▶ THE TASK:
Nothing but the lines from the one including "Rogowo Shellterapartment Pl" through the last line of the entries, restated exactly, should appear in the answer; omit the pictures.

◇ ◇ ◇ ◇ ◇ ◇ ◇

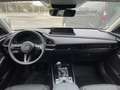 Mazda CX-30 (2025) HOMURA e-Skyactiv-X 186PS 6MT HUD Navi LED Braun - thumbnail 7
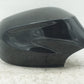 BMW 1 SERIES E82 E87 E88 RHS RIGHT LCI SIDE MIRROR COVER CAP
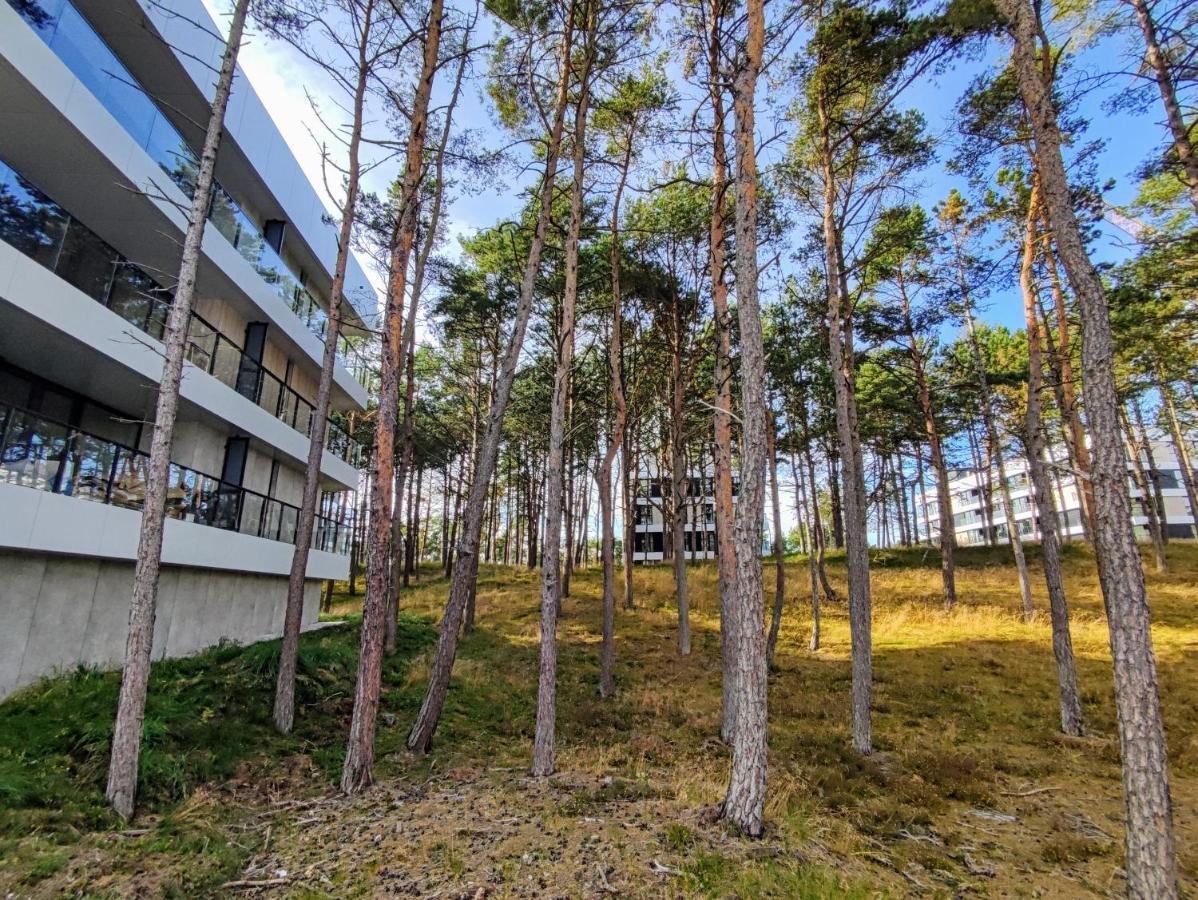Rogowo Shellterapartment Pl Apartment Rogowo (Gryfice)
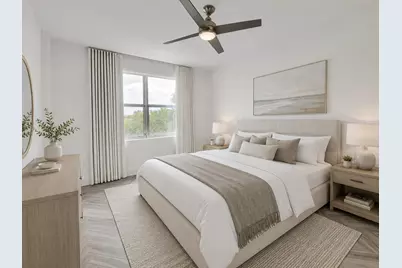 236 SE 5th Avenue #205, Delray Beach, FL 33483 - Photo 7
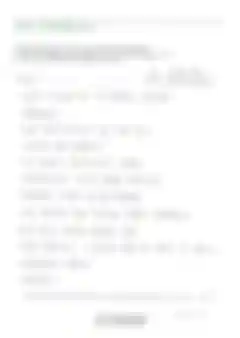 블러 처리된 감사후기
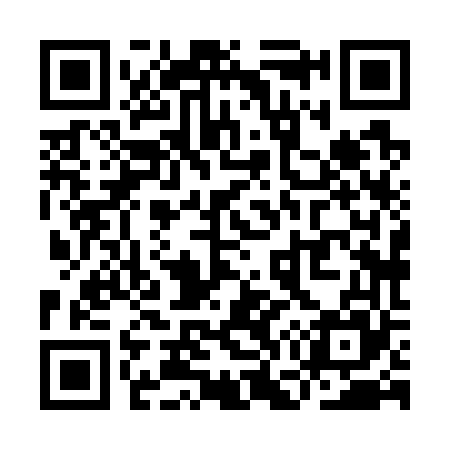 QR code for YG8765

◇ ◇ ◇ ◇ ◇ ◇ ◇

▶ ANSWER SECTION:
Rogowo Shellterapartment Pl Apartment Rogowo (Gryfice)
 236 SE 5th Avenue #205, Delray Beach, FL 33483 - Photo 7
 블러 처리된 감사후기
 QR code for YG8765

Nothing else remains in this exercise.